Son fameux studio photo se trouve toujours dans l’ancien et populaire quartier de Bagadadji, mais Malick Sidibé n’y vient presque plus. Ce sont ses fils qui s’en occupent. A 77 ans, le légendaire photographe malien a passé la main. Pour le rencontrer, il faut quitter le centre de Bamako, traverser le fleuve Niger et rejoindre le quartier de Daoudabougou, où il est rare qu’un Blanc vienne se perdre. Je suis guidé par Ibrahim, un des fils du photographe, qui finit par me faire passer une étroite porte menant à une grande cour pavée de ciment, où des femmes cuisinent sur des braseros en bavardant.
C’est là que me reçoit Malick Sidibé, assis sur une chaise, souriant, mais avec un regard qui parfois s’éloigne, comme s’il contemplait le passé avec plus d’intensité que le présent.

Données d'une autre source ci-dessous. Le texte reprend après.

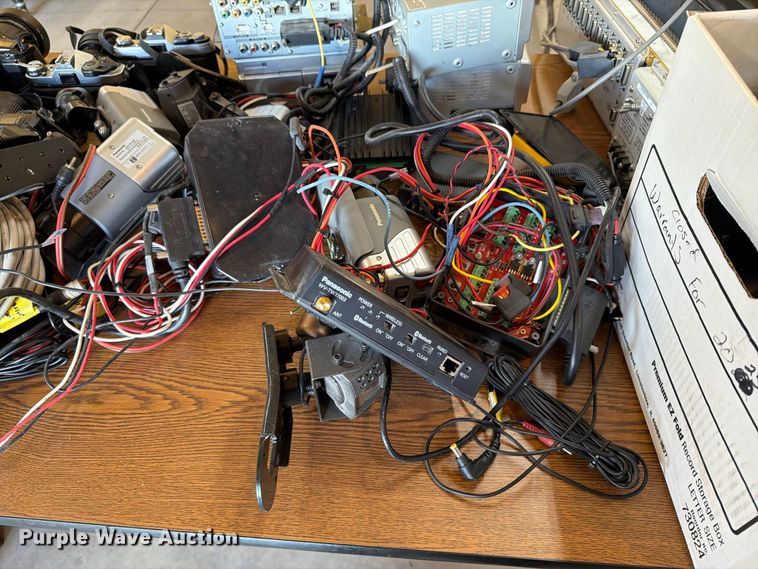 image for item FT8029 Assorted Cameras and Electronics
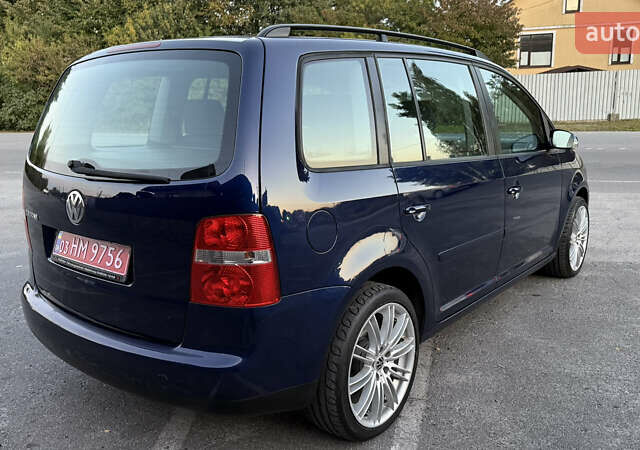 Синій Фольксваген Туран, об'ємом двигуна 1.6 л та пробігом 282 тис. км за 6500 $, фото 9 на Automoto.ua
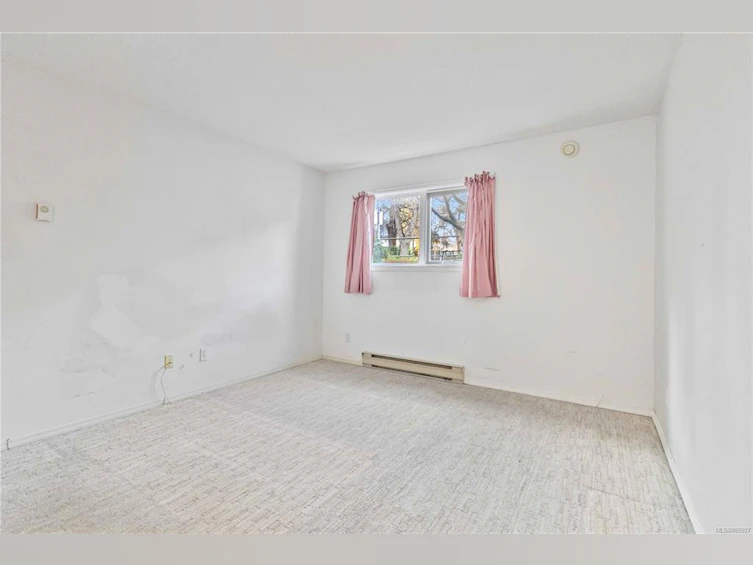 102-1801 Fern Street, Victoria, BC, V8R 4K4 - 26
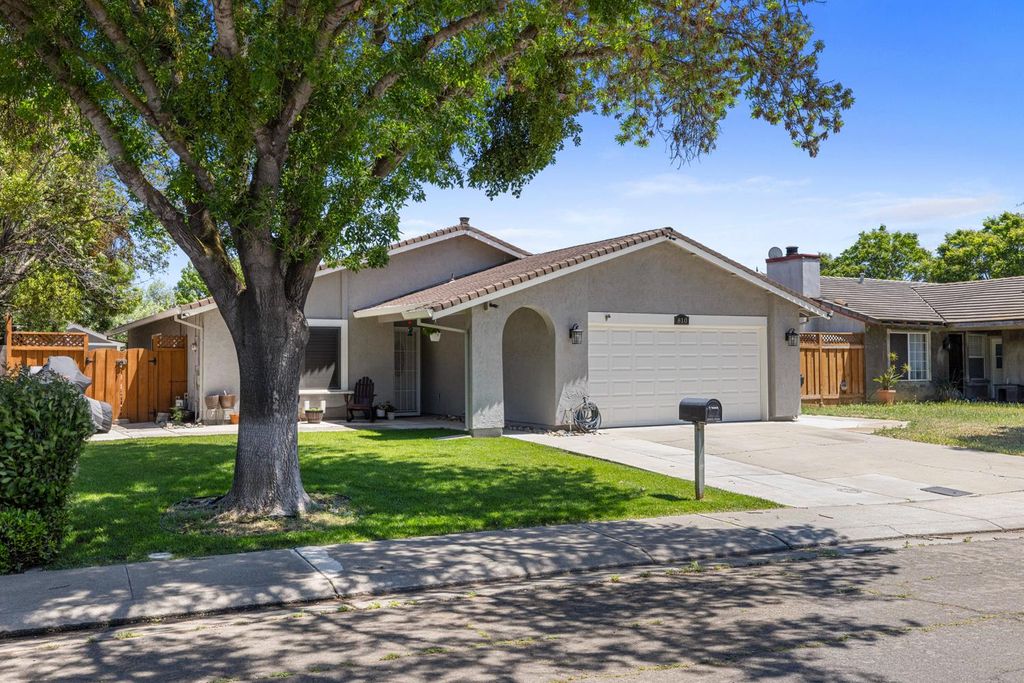 810 Joranollo Dr, Tracy, CA 95376
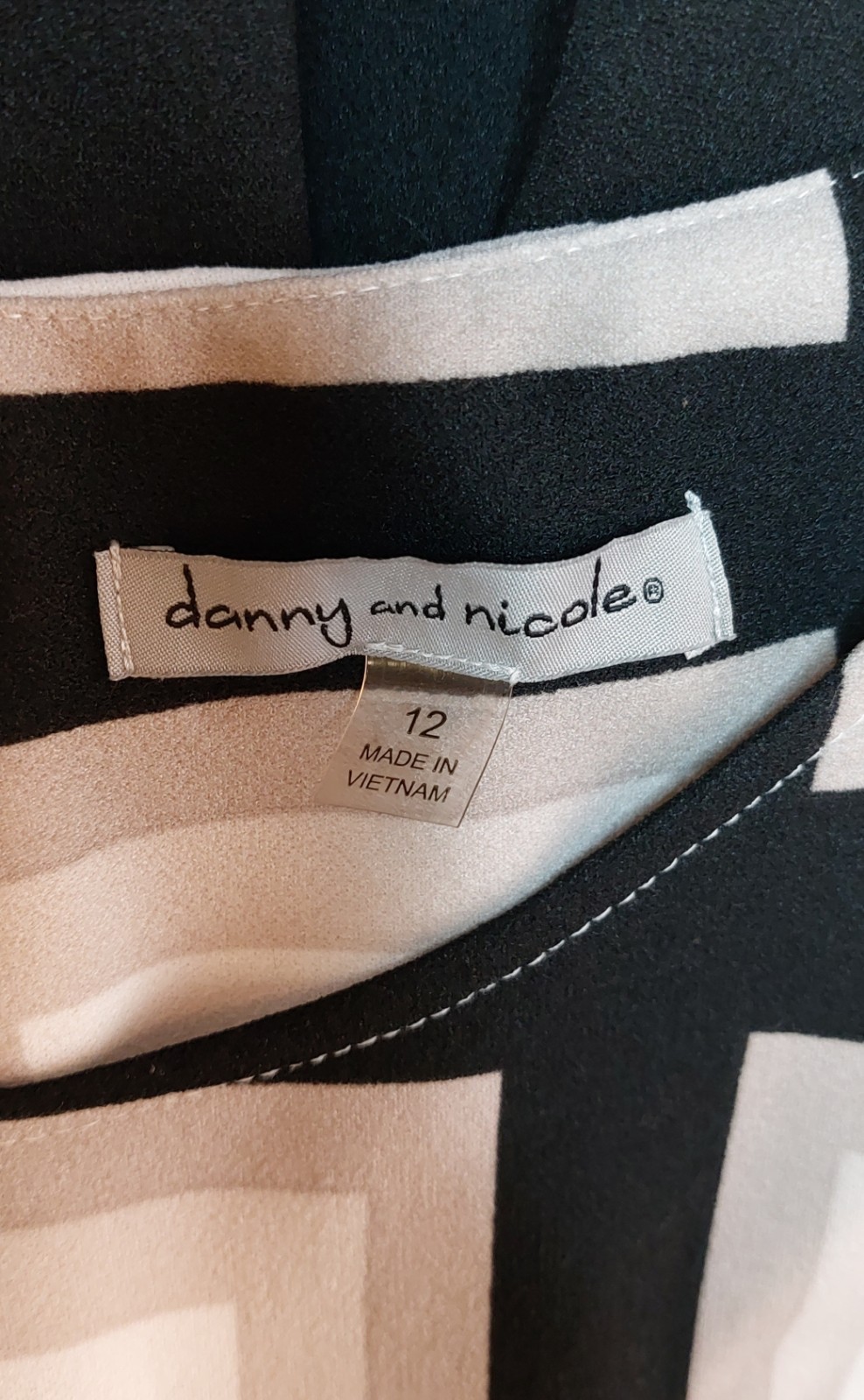 Danny and Nicole Bodycon Colorblock Dress Size 12 Sleeveless Pencil Stretch Knee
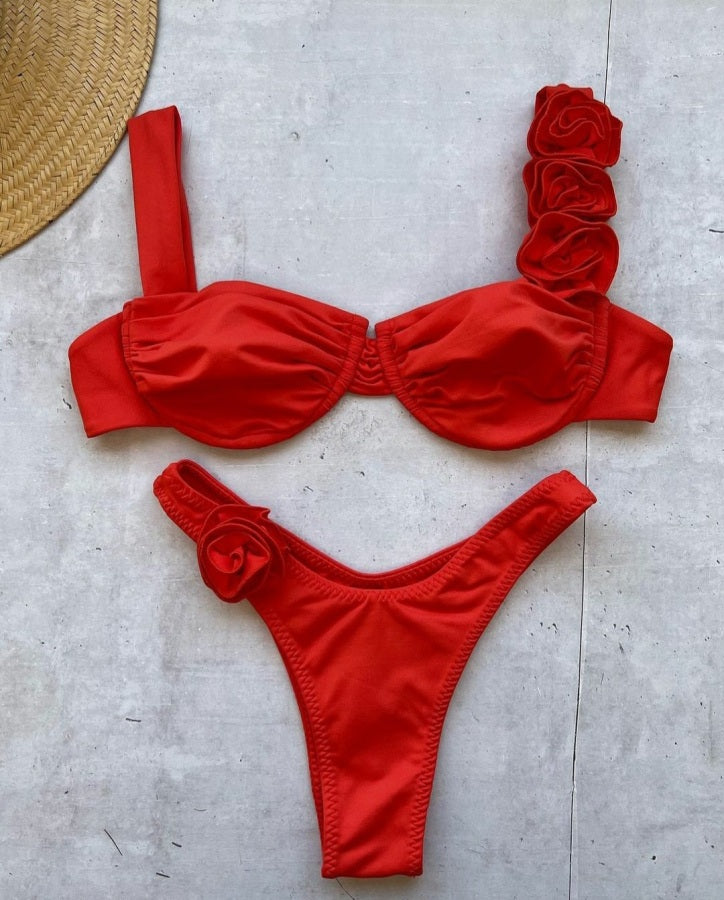 Bikini rosso con rose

Les débuts. Tout a commencé en 1955, alors qu’il apprenait le dessin à l’école des artisans de Bamako. Un photographe français, Gérard Guillart, vient y chercher quelqu’un pour décorer le studio photo qu’il ouvre au centre ville. C’est ainsi que Malick, qui a 19 ans, sera engagé par Gégé la Pellicule, abandonnant le dessin pour la photo. «Je me suis dit que l’appareil photo était plus rapide que le pinceau. Avec le dessin, on travaille seul dans son atelier, alors que la photo, c’est beaucoup plus amusant, on voit les gens danser, on les voit vivre.»
En 1956, il achète son premier appareil, un solide Brownie Flash, et en 1962, deux ans après l’indépendance du Mali, il ouvre son studio à Bagadadji. Les jeunes de Bamako viennent notamment s’y faire photographier avant de partir pour des surprises-parties ou des mariages, soirées où les suit Malick Sidibé, sillonnant la ville toute la nuit sur sa bicyclette. A l’aube, il rentre développer ses photos pour que les gens puissent, en début de semaine, passer commande de celles qu’ils préfèrent. «C’était une époque vraiment très gaie. Tout le monde dansait, on oubliait tous les soucis. On disait: “On se fout de la mort”. Les gens dansaient, dansaient; parce qu’après ce monde très gai, il n’y a plus rien, c’est fini. Il faut profiter de la vie. Moi, je voulais être le témoin de ces soirées. Mais je ne dansais pas, j’étais un peu timide et je n’avais pas le temps: je photographiais. Les jeunes filles regardaient les garçons de haut en bas, et s’ils n’étaient pas bien habillés, elles ne décroisaient pas les bras, n’acceptaient pas de danser avec eux. Elles, elles mettaient des jupes serrées. Il fallait avoir une taille très fine, et certaines ne voulaient plus manger pour pouvoir entrer dans leur jupe. Pas question de mettre des boubous, il fallait s’habiller à l’européenne.»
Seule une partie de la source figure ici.